# Winter Let



## scots wha hae (Mar 31, 2011)

My wife and I are looking for a winter let, furnished or unfurnished in either the Silver Coast or Algarve areas. A one or two bedroom property would be fine. We will be moving out in Oct to our caravan to begin with but would prefer to live some where a little larger until we find a place we want to settle. Hope there is some one out there that could help.


----------



## snoringunicorn (Sep 16, 2011)

I have somewhere that might be what you are looking for, a modern furnished house in a great village, close to Sao Martinho on the Silver Coast, available from October onward for six months. Let me know if you'd like more details,

cheers,

Julie


----------



## scots wha hae (Mar 31, 2011)

My wife and I know the area a little and yes we would be interested.


----------



## snoringunicorn (Sep 16, 2011)

Will be touch soon. Thanks 

Julie


----------



## PmcQ (Sep 19, 2011)

*available long term rental in Sao Martinho do Porto*



scots wha hae said:


> My wife and I know the area a little and yes we would be interested.


Hello Fellow Scots!

We have a lovely, modern, furnished townhouse in Sao Martinho do Porto - just a 5 minute stroll to the bay, and 1 minute walk to the fruit & veg market.

Happy to let out the house long term - please contact me if you would like more details.


----------



## siobhanwf (Mar 20, 2009)

Please be aware guys that advertising is *NOT* permitted on the forum in any shape or form.

Once you have 5 posts you can be contacted via the PM messaging system.


----------



## PmcQ (Sep 19, 2011)

siobhanwf said:


> Please be aware guys that advertising is *NOT* permitted on the forum in any shape or form.
> 
> Once you have 5 posts you can be contacted via the PM messaging system.
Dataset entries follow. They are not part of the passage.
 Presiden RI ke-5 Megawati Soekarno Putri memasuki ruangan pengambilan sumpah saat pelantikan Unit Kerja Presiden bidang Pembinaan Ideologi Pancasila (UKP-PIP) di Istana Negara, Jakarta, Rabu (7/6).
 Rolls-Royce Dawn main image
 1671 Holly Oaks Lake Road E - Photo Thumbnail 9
Many apologies Siobhan & fellow users - should have read through the T&C's - sorry to break the rules - wont happen again!

:redface:


----------



## siobhanwf (Mar 20, 2009)

PmcQ said:


> Many apologies Siobhan & fellow users - should have read through the T&C's - sorry to break the rules - wont happen again!
> 
> :redface:


 You are forgiven


----------



## scots wha hae (Mar 31, 2011)

Hi PmcQ how do I send you a pm?


----------



## PmcQ (Sep 19, 2011)

Hi scots wha hae

Have just sent you a private message.


----------



## siobhanwf (Mar 20, 2009)

Vedel said:


> Hi . Are you still looking ?If you have any interest in a 3 bed ,2Klms East of Albufeira,you can contact me .
> Regards .
> Veronica.



Hi Veronica, 
Please be aware guys that advertising is NOT permitted on the forum in any shape or form.


----------